Numba in Parallel Reduces Precision #366

mj-gomes · 2025-02-25T15:55:44Z

mj-gomes
Feb 25, 2025
Collaborator

Hello everyone.

I came across an interesting problem with numba parallelization and its influence in the precision of the computations, at least for the TOD and Mapmaking operations in hwp_sys.py.

Context: I was running some tests for the hwp_sys.py code and the tests kept failing, even though I was just testing for the ideal case, and I knew (from looking at the maps) that it should work. The output maps should be equal to the input maps. The problem was that a percentage of the (output maps - input maps) pixels was not inside the 1e-9 tolerance that I had put to account for eventual approximations. This percentage became smaller when increasing the nside.

Origin: I found out that this comes from @njit(parallel=True) decorator, specifically the "parallel=True" part. Because addition and multiplication of floating numbers are not associative operations, and apparently numba in the parallel mode changes the order of the operations, there are roundings which accumulate and end up being fairly important.

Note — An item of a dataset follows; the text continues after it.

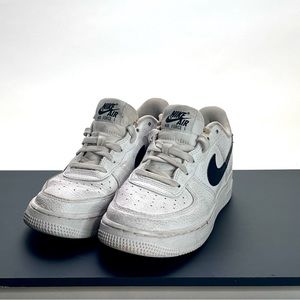 Nike Air Force 1
Big Kids' Shoes - Youth Size 5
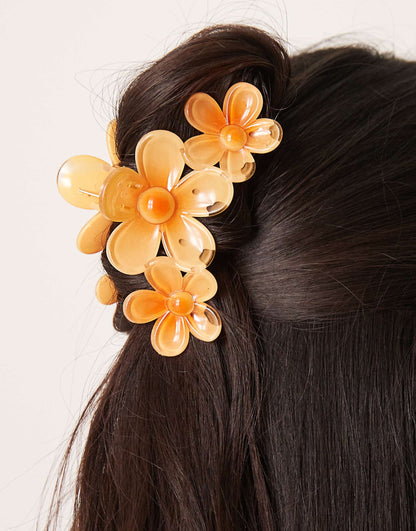 Triple  Flower Hair Claw Clip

At least this is the best explanation I could find. And indeed, if parallel=False, I have 100% equality up to 1e-9 tolerance.

For nside 256, for example, using 2 detectors in a 1y simulation, I had about 0.03% of the pixels above the 1e-9 tolerance. This is a very small percentage of the pixels, but it should increase with the number of detectors. For now I wrote a test method that ignores this, but I was talking with @hivon about it and it would be good to know if anyone as already ran into this problem and has a good solution. Doing parallel=False is, in my opinion, not an option, because this parallelization increases the speed by a significant amount (I can run some tests to obtain specific values for this speedup if needed).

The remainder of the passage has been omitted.